→ Saved data entries:
---
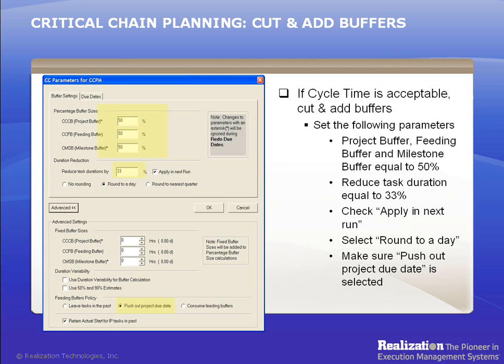Now, click on the Advanced button at the bottom of the screen and find the Feeding Buffer Policy. The default setting is Push Out Due Dates. This setting will give you the biggest feeding chain projection with a full, unconsumed feeding buffer. However, inserting a feeding buffer may cause slack on the critical chain, hence unnecessary increases in the project cycle time. The other way to go is to select Consume Feeding Buffers. When this option is set and Concerto is converting the project network to a critical chain network, if any slack caused by feeding buffer insertion is encountered, the slack will be artificially lessened by consuming the feeding buffers to close the gap.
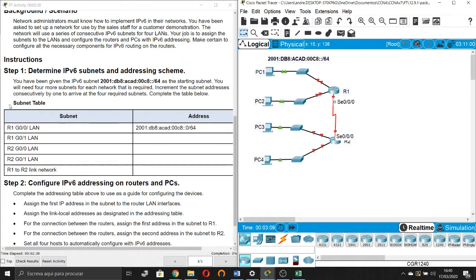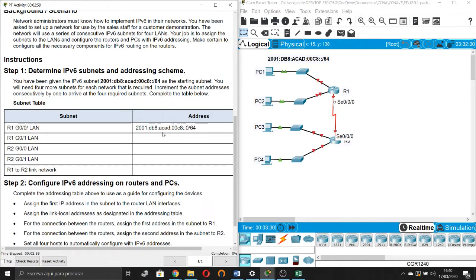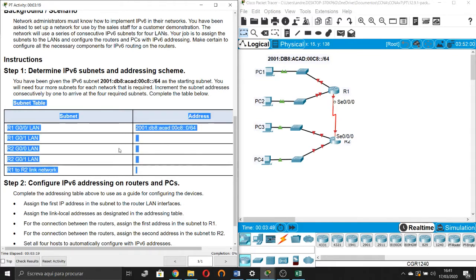Step 1: determine the IPv6 subnets and addressing scheme. You have been assigned the IPv6 subnet. You will need 4 subnets for each network that is required. Increment the subnet addresses consecutively by 1 to arrive at the 4 required subnets. Complete the table below — this is the subnet table that we need to complete.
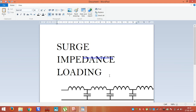Today I am going to explain what is the physical meaning of surge impedance loading. For that, first of all we have to understand the physical meaning of surge impedance, and then only we can go to the surge impedance loading.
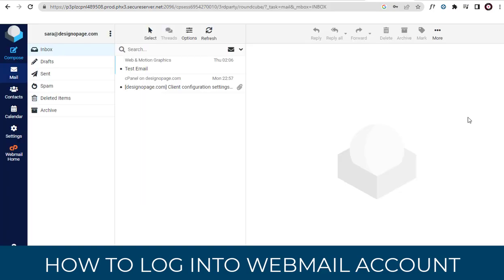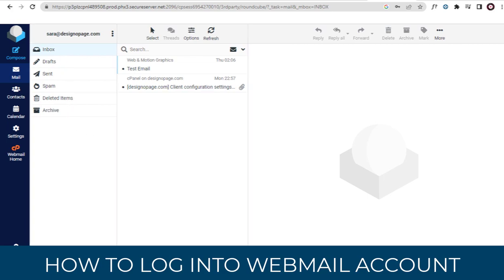And we are inside the webmail account. We can compose and send emails. You can find more webmail and cPanel video links below in the description section of this video.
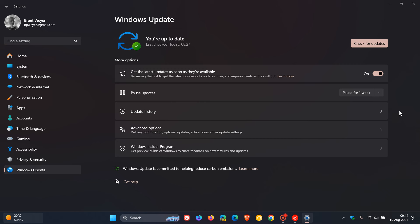And hopefully by that stage Microsoft would have sorted out the problem. But as mentioned, that's a couple of things you can do. And if you haven't installed the update already, which I think for most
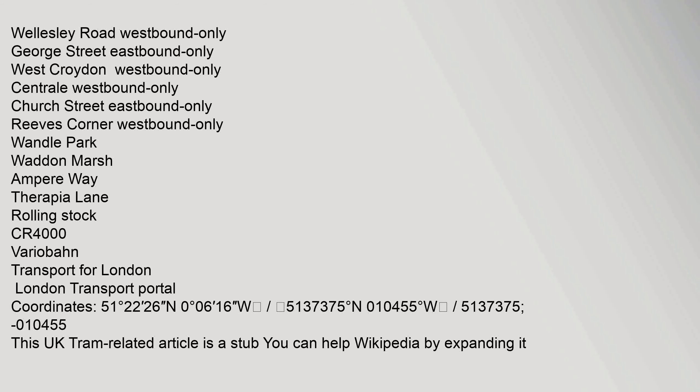Coordinates: 51 degrees 22 minutes 26 seconds north, 0 degrees 06 minutes 16 seconds west, 51.37375 degrees north, 0.10455 degrees west. This UK tram-related article is a stub. You can help Wikipedia by expanding it.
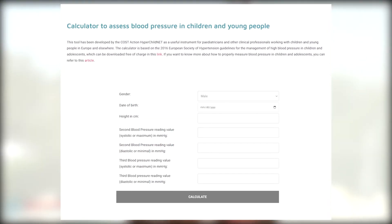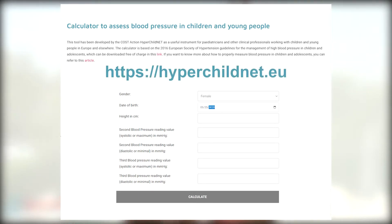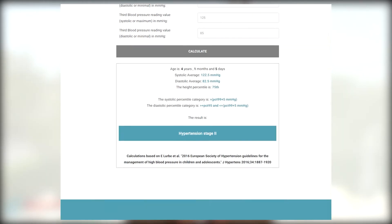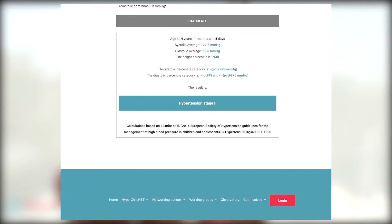One of the results of this research is the blood pressure measurements calculator. You can find on our webpage an online calculator in which you can automatically find the percentiles that will help you to make a correct diagnosis of hypertension in your children and adolescents. You have to know that this is the only online calculator that is based on the reference values of the European Society of Hypertension for Children and Adolescents.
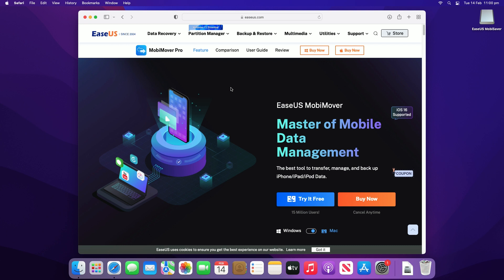The first method is to use the EaseUS MobiMover app. You can download it following the link in the video description. MobiMover is a simple and easy to use app which allows you to share files between Mac and iOS devices.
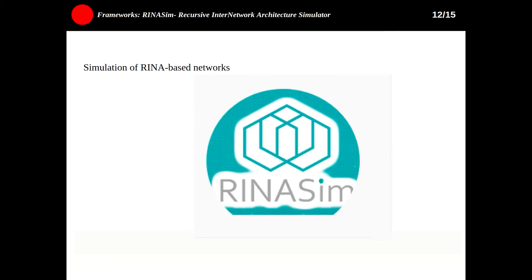The next one is RINA-Sim — Recursive Inter-Network Architecture Simulator — a standalone OMNeT++ model framework for the simulation of RINA-based networks. RINA stands for Recursive Inter-Network Architecture, which is a new clean-slate architecture that tries to codify every part of communication in computer networks. The main purpose is to offer the community a reliable and up-to-date tool for simulating RINA-based computer networks.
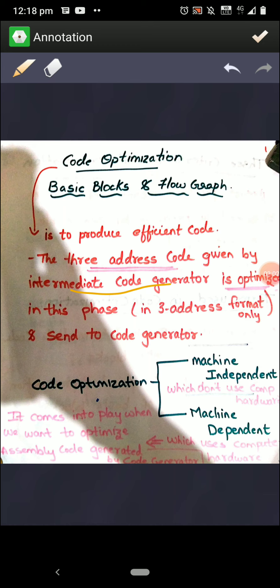The output of code optimization is again intermediate code. Please note this point: the input and output of the code optimization phase is the same — it's the intermediate code — but when it's input it is in a non-optimized form, and when it is going out as output it is in an optimized form. The intermediate code generator always takes the form of three-address code.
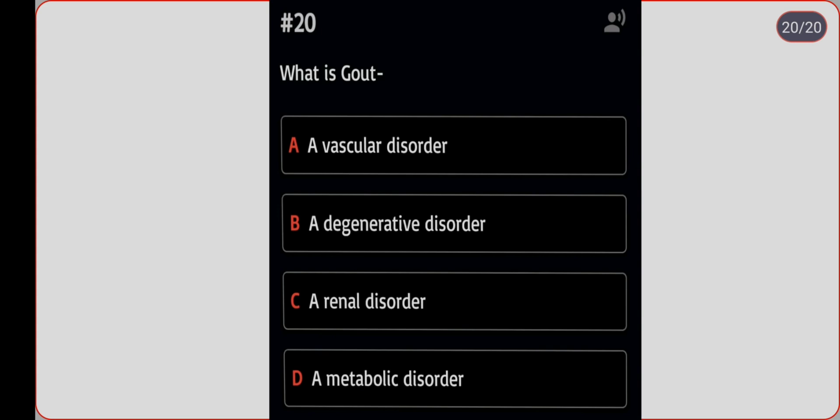Diabetes is classified as which type of disorder? Option A: degenerative disorder. Option B: general disorder. Option C: metabolic disorder. Correct answer is option D, metabolic disorder. Thank you.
---
Retype the records exactly, but skip the pictures.

Now, click on the Advanced button at the bottom of the screen and find the Feeding Buffer Policy. The default setting is Push Out Due Dates. This setting will give you the biggest feeding chain projection with a full, unconsumed feeding buffer. However, inserting a feeding buffer may cause slack on the critical chain, hence unnecessary increases in the project cycle time. The other way to go is to select Consume Feeding Buffers. When this option is set and Concerto is converting the project network to a critical chain network, if any slack caused by feeding buffer insertion is encountered, the slack will be artificially lessened by consuming the feeding buffers to close the gap.
Step 1: determine the IPv6 subnets and addressing scheme. You have been assigned the IPv6 subnet. You will need 4 subnets for each network that is required. Increment the subnet addresses consecutively by 1 to arrive at the 4 required subnets. Complete the table below — this is the subnet table that we need to complete.
Today I am going to explain what is the physical meaning of surge impedance loading. For that, first of all we have to understand the physical meaning of surge impedance, and then only we can go to the surge impedance loading.
And we are inside the webmail account. We can compose and send emails. You can find more webmail and cPanel video links below in the description section of this video.
And hopefully by that stage Microsoft would have sorted out the problem. But as mentioned, that's a couple of things you can do. And if you haven't installed the update already, which I think for most
Coordinates: 51 degrees 22 minutes 26 seconds north, 0 degrees 06 minutes 16 seconds west, 51.37375 degrees north, 0.10455 degrees west. This UK tram-related article is a stub. You can help Wikipedia by expanding it.
One of the results of this research is the blood pressure measurements calculator. You can find on our webpage an online calculator in which you can automatically find the percentiles that will help you to make a correct diagnosis of hypertension in your children and adolescents. You have to know that this is the only online calculator that is based on the reference values of the European Society of Hypertension for Children and Adolescents.
The first method is to use the EaseUS MobiMover app. You can download it following the link in the video description. MobiMover is a simple and easy to use app which allows you to share files between Mac and iOS devices.
The next one is RINA-Sim — Recursive Inter-Network Architecture Simulator — a standalone OMNeT++ model framework for the simulation of RINA-based networks. RINA stands for Recursive Inter-Network Architecture, which is a new clean-slate architecture that tries to codify every part of communication in computer networks. The main purpose is to offer the community a reliable and up-to-date tool for simulating RINA-based computer networks.
The output of code optimization is again intermediate code. Please note this point: the input and output of the code optimization phase is the same — it's the intermediate code — but when it's input it is in a non-optimized form, and when it is going out as output it is in an optimized form. The intermediate code generator always takes the form of three-address code.
Diabetes is classified as which type of disorder? Option A: degenerative disorder. Option B: general disorder. Option C: metabolic disorder. Correct answer is option D, metabolic disorder. Thank you.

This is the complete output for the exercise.